__TASK DIRECTIONS__: One part of the entries below is wanted: the lines from the one containing "ERFOLGSFAKTOR INTERKULTURELLE ÖFFNUNG" through the one containing "hainer(cốt của đoàn văn chat_li)". Write those out exactly and nothing else.

[Items from a dataset]
..............................

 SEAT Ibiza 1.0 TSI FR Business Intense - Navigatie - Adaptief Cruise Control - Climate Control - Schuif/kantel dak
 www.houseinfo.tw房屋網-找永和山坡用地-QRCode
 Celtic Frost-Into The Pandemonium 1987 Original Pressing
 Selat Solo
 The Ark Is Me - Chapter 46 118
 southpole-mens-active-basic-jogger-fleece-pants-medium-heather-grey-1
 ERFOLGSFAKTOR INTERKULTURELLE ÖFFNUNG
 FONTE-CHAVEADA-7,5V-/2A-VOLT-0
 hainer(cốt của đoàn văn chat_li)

..............................

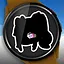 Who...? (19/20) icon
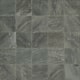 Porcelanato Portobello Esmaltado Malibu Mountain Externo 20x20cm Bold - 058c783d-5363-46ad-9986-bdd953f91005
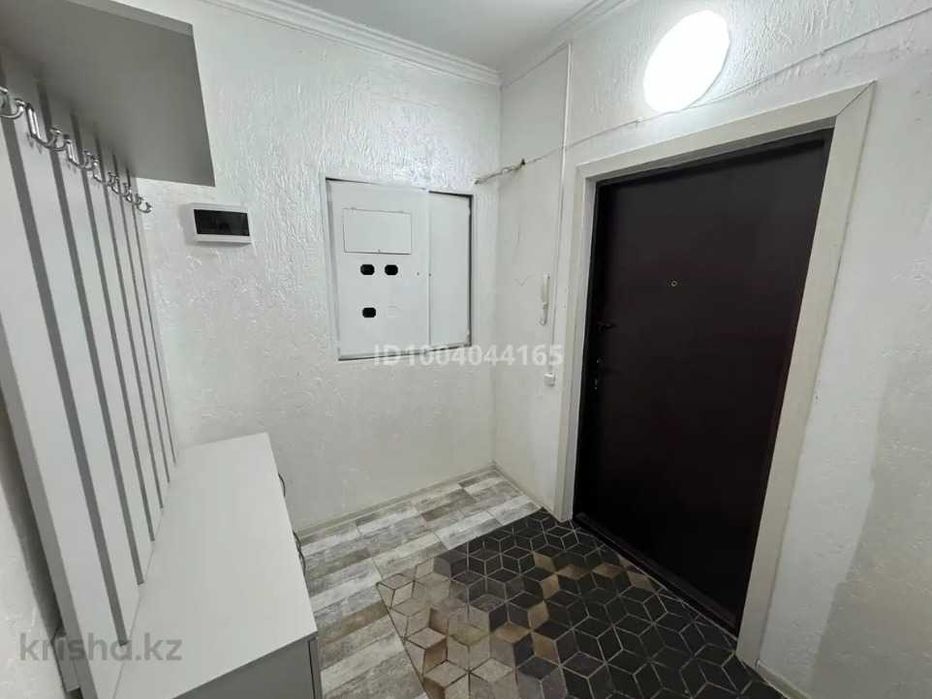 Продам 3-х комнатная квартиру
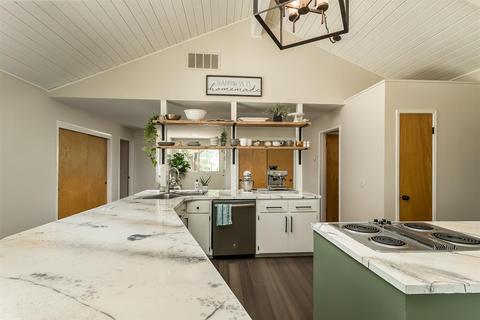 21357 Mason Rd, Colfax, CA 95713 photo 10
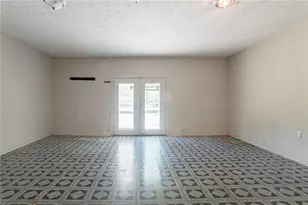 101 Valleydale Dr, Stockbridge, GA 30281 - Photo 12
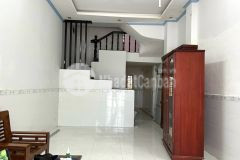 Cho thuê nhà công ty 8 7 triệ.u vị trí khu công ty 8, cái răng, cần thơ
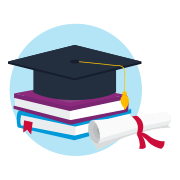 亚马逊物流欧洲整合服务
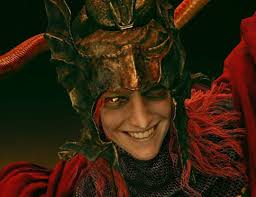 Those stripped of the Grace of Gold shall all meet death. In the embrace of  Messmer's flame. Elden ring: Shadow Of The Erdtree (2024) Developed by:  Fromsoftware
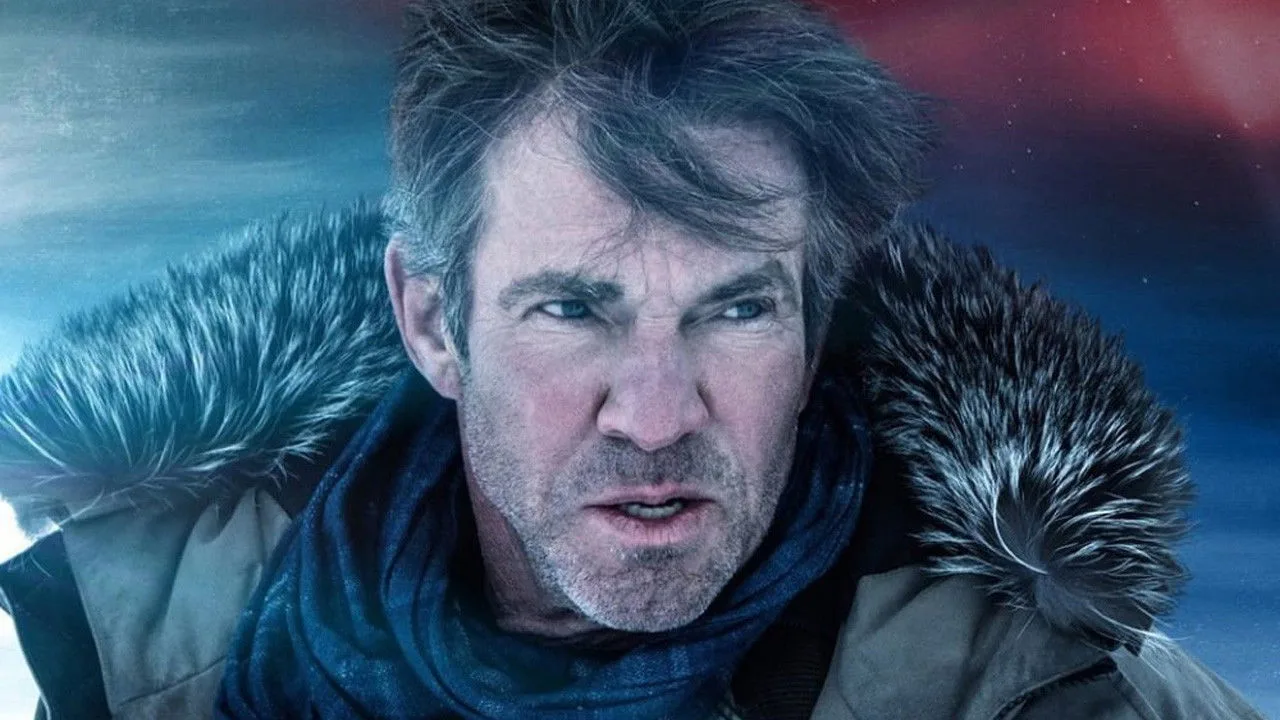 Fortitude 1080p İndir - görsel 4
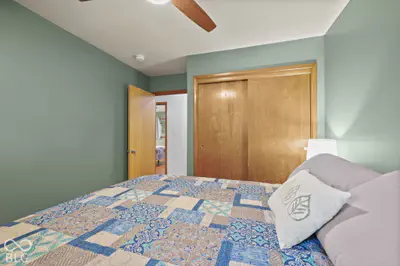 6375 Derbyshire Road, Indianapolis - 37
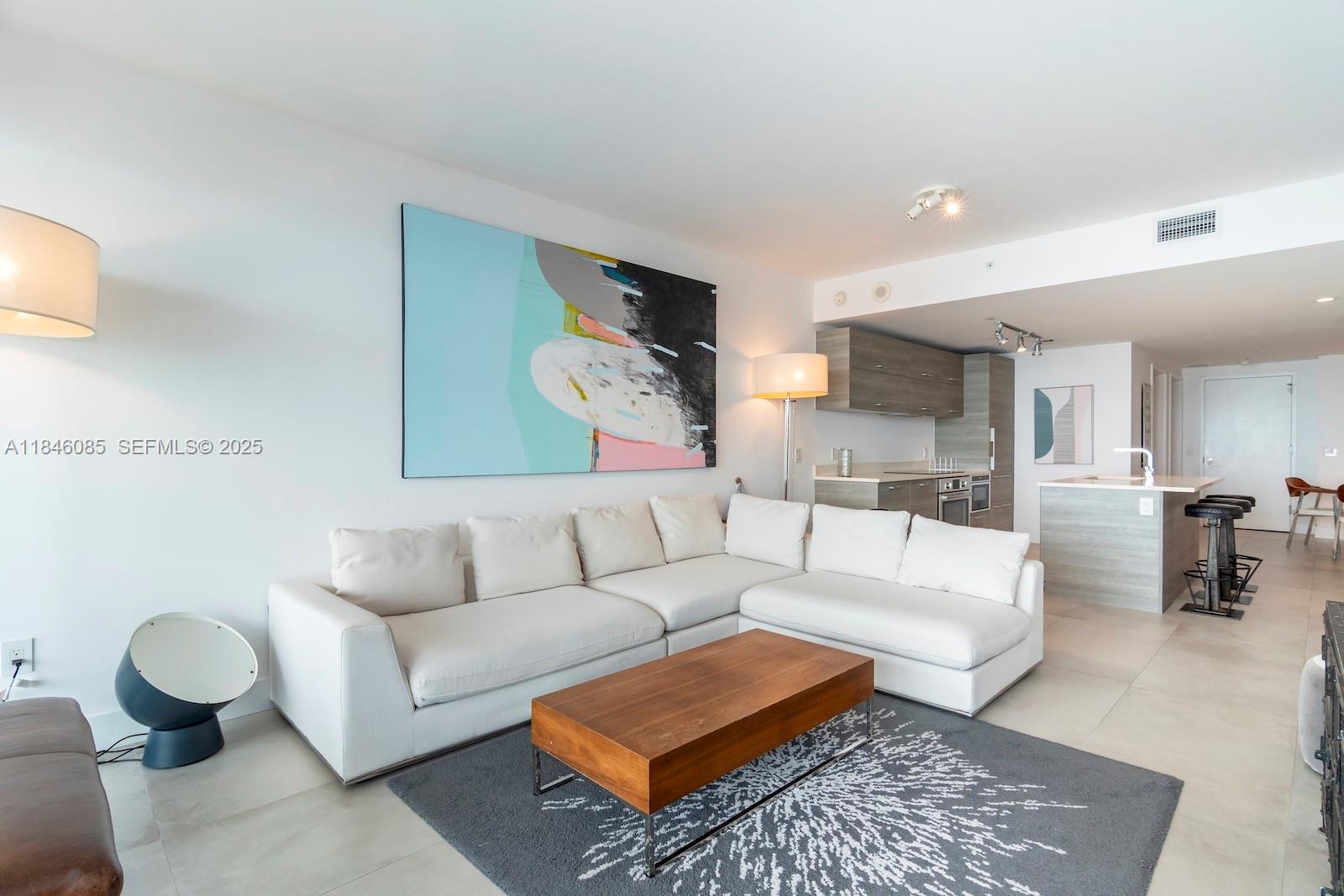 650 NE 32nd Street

..............................

__WRITTEN SOLUTION__:
 ERFOLGSFAKTOR INTERKULTURELLE ÖFFNUNG
 FONTE-CHAVEADA-7,5V-/2A-VOLT-0
 hainer(cốt của đoàn văn chat_li)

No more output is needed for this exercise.